• _Task prompt_
Restate exactly the lines of the entries below, beginning with the first and ending with the line that holds "Bradenton Apartment |". Pictures are not copied.

• _Data extracts_
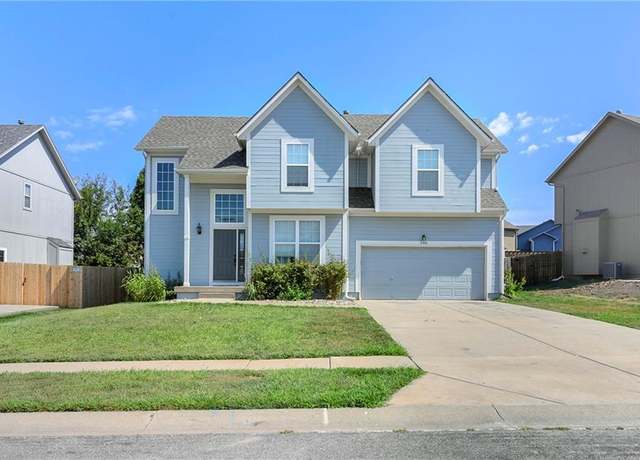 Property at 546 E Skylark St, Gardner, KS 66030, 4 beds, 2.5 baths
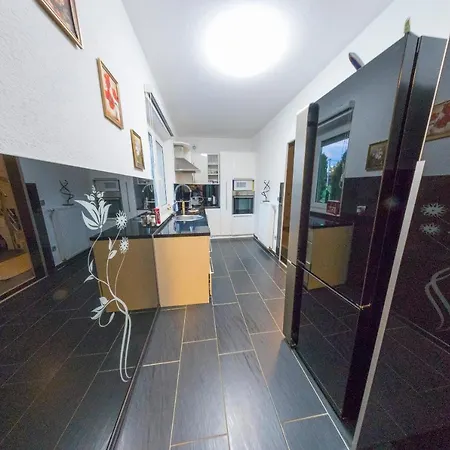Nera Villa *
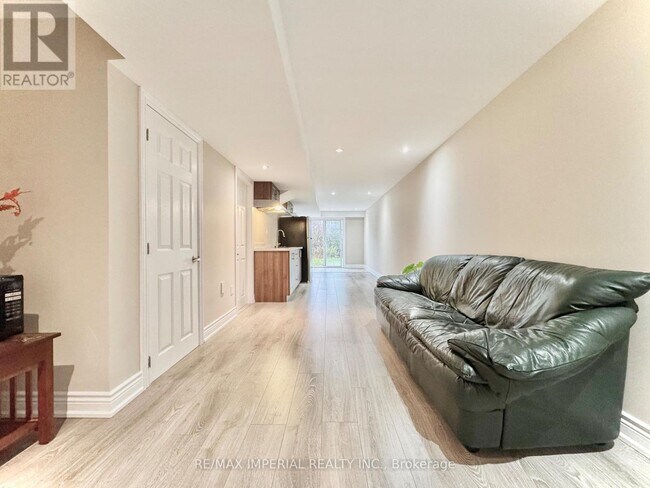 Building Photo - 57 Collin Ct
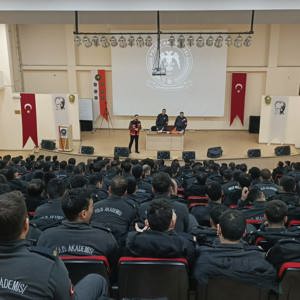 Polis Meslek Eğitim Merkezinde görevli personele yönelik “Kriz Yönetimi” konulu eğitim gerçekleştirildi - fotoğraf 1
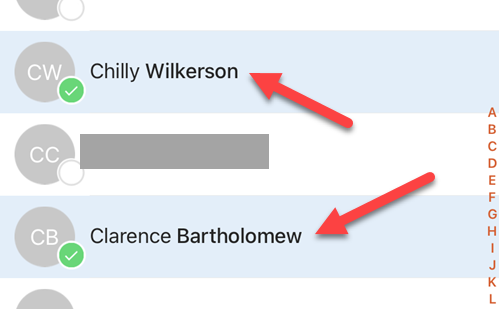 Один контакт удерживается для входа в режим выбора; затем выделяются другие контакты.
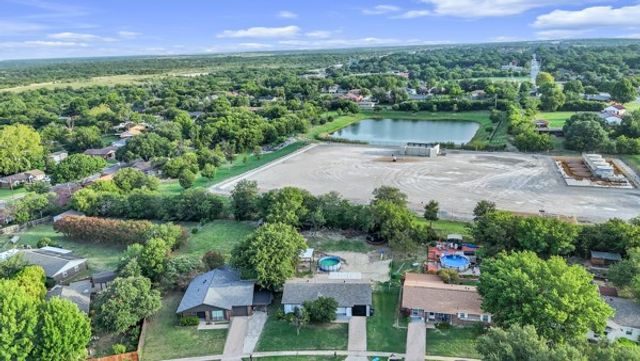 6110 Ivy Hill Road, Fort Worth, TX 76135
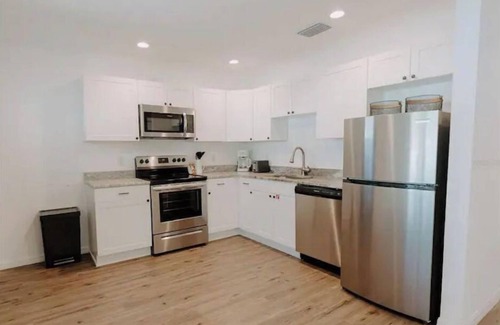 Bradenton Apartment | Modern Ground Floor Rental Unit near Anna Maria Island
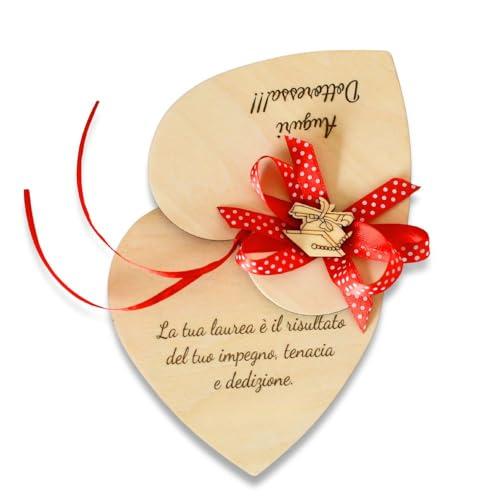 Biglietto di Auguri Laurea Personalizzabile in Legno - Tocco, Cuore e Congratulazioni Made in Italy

• _Exercise solution_
 Property at 546 E Skylark St, Gardner, KS 66030, 4 beds, 2.5 baths
Nera Villa *
 Building Photo - 57 Collin Ct
 Polis Meslek Eğitim Merkezinde görevli personele yönelik “Kriz Yönetimi” konulu eğitim gerçekleştirildi - fotoğraf 1
 Один контакт удерживается для входа в режим выбора; затем выделяются другие контакты.
 6110 Ivy Hill Road, Fort Worth, TX 76135
 Bradenton Apartment | Modern Ground Floor Rental Unit near Anna Maria Island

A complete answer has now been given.